Il risultato che si ottiene è molto variegato e tale da proporre ai consumatori pizze con una vasta gamma di sfumature e caratteristiche sensoriali differenti: alcune hanno il bordo più pronunciato, altre presentano una maggiore quantità di bolle, altre hanno bolle di maggiori dimensioni, alcune risultano più sazianti, altre meno, alcune più morbide altre più consistenti. Insomma verrebbe da dire: ce n’è per tutti i gusti e, forse, proprio questa infinita variabilità di caratteristiche sensoriali è stata la chiave del successo di questo prodotto della gastronomia napoletana, amato e imitato in tutto il mondo.

Visto il successo mondiale raggiunto da questo prodotto e il grado di eccellenza raggiunto dai maestri pizzaioli ormai presenti ovunque, anche al di fuori dal Paese dove questo, semplice ma delizioso, prodotto è nato e si è diffuso, viene da domandarsi perché lo si voglia osservare con il rigore dell’approccio scientifico. A un’attenta riflessione questa scelta non appare affatto strana. Se si vuole uscire fuori dai confini del folclore, dall’empirismo, dai luoghi comuni e dalle false credenze, il solo modo per farlo è comprendere il perché certi fenomeni si sviluppano in un modo piuttosto che in un altro, perché certe materie prime danno luogo a risultati e altre a risultati diversi, perché lievi differenze nella preparazione portano a pizze con certe caratteristiche sensoriali piuttosto che ad altre.
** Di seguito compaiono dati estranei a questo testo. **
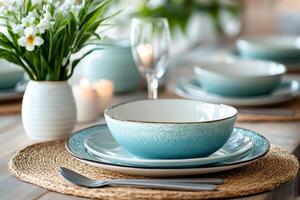 Stylish dinnerware set with decorative flowers and candles creating cozy ambiance on dining table photo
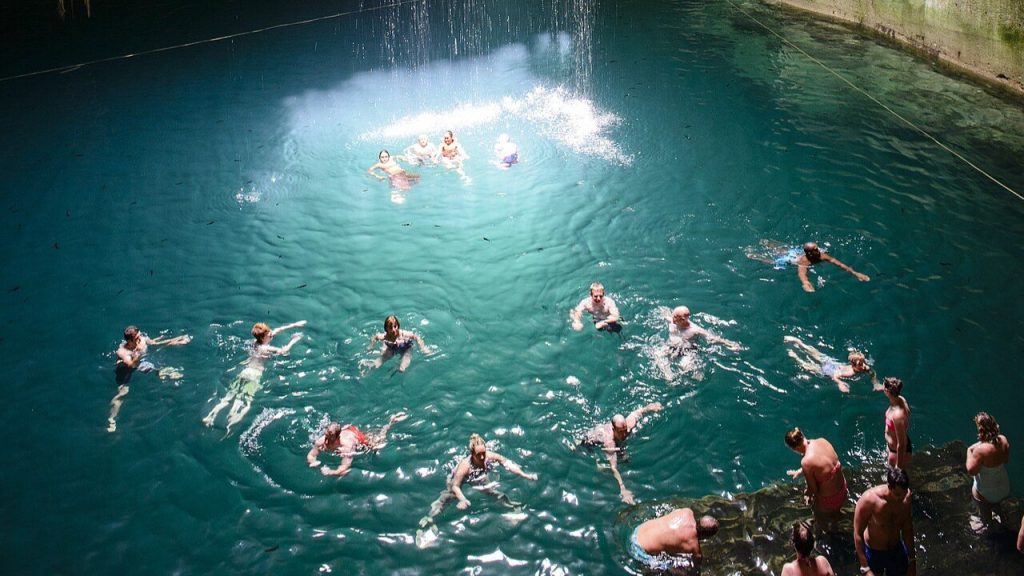 Thunderball Grotto cave with turquoise water and swimmers inside.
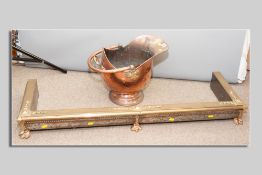 A copper helmet coal scuttle with swing handle, a brass and copper oblong fender on claw supports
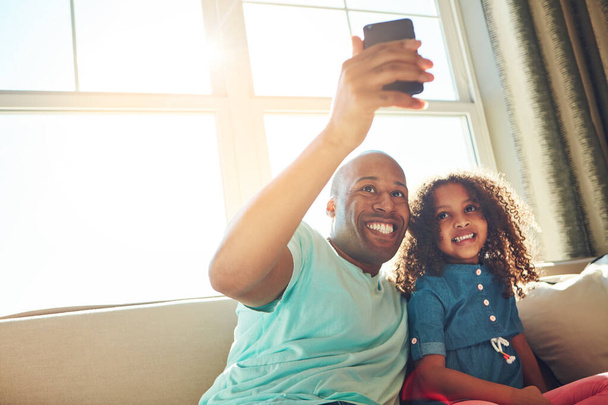 Wyślij to zdjęcie mamusi. szczęśliwy ojciec i jego mała dziewczynka pozowanie do selfie razem na kanapie w domu - Zdjęcie, obraz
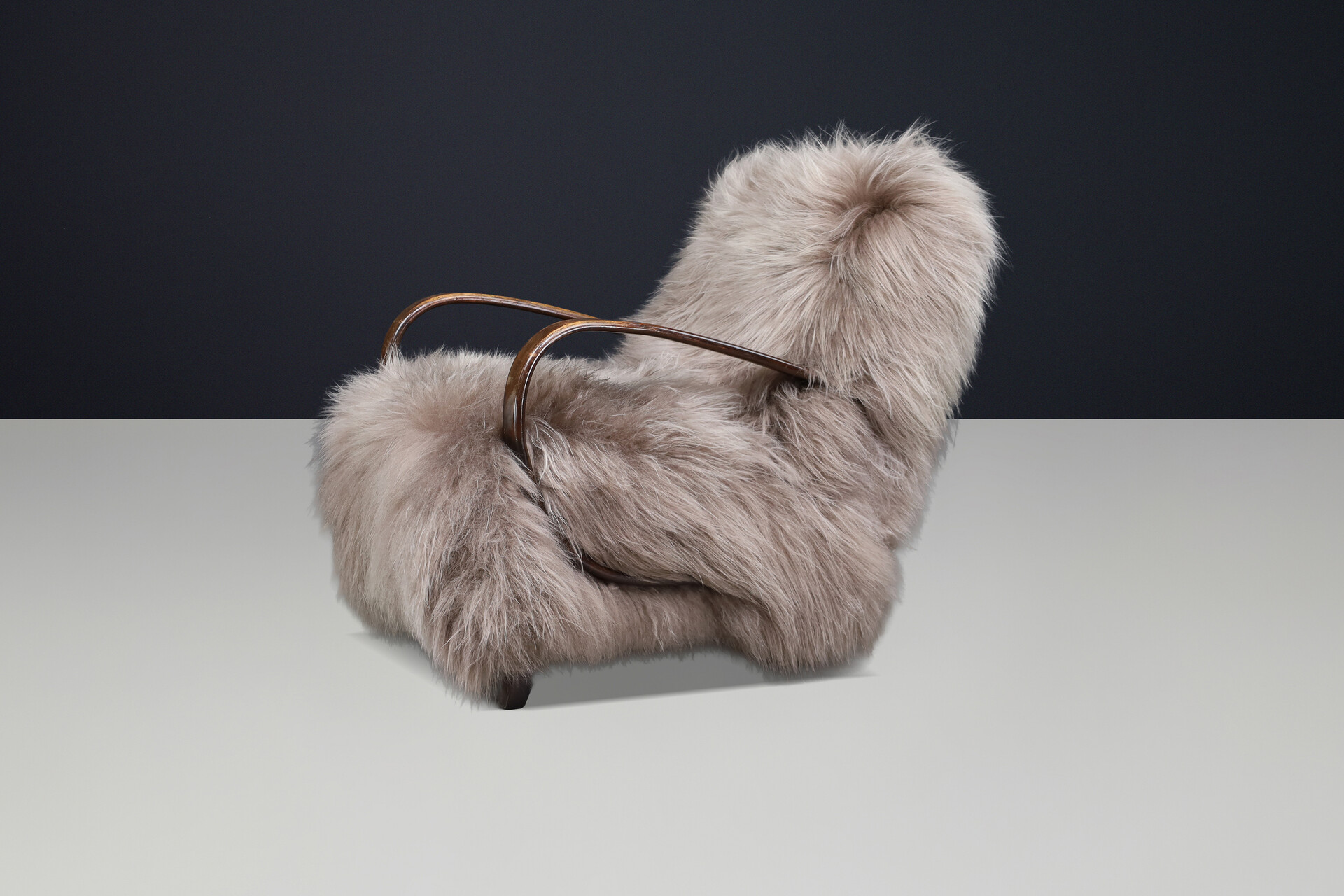 Sculptural Art Deco lounge chair by Jindřich Halabala, in luxurious Icelandic sheepskin CZ 1940 Mid-20th century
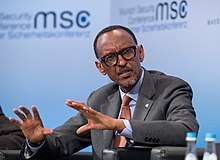 Kagame speaking, seated at a panel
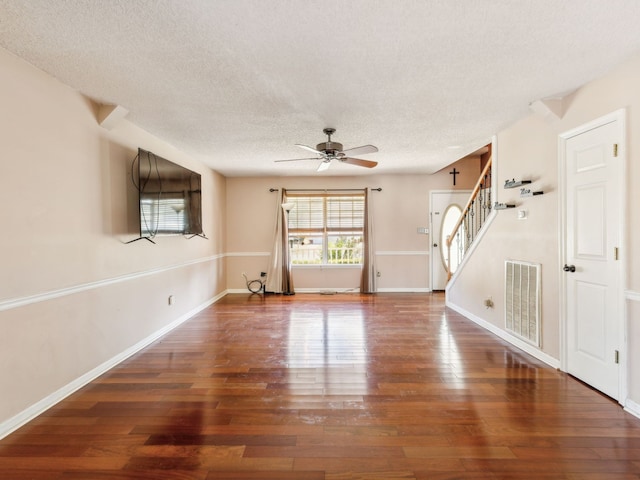 unfurnished living room with dark hardwood / wood-style floors, a textured ceiling, and ceiling fan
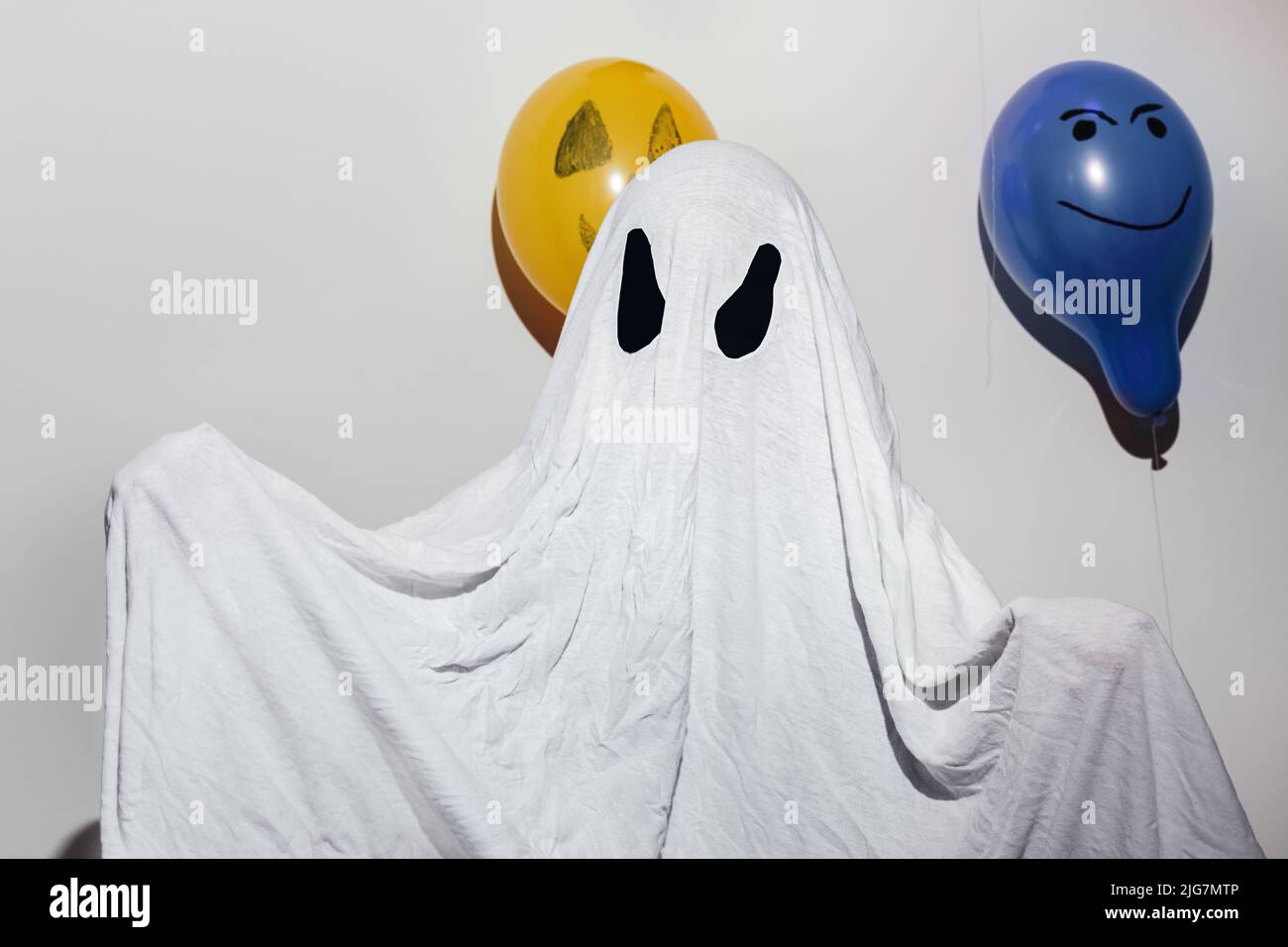 Happy Halloween. A child in a white homemade ghost costume and painted orange and blue balls. Paper eyes. Festive design, party concept. All Saints' Day celebration. Stock Photo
Sapere cosa lega fra loro la composizione delle materie prime al comportamento dell’impasto, la struttura dell’impasto alle caratteristiche organolettiche della pizza è il solo modo per decidere come e quando intervenire per ottenere un risultato desiderato o correggere gli errori e avere così completa padronanza di un’arte sviluppata con la pratica nei secoli e che ha reso la Pizza un prodotto tipico frutto dell’esperienza dei pizzaioli napoletani.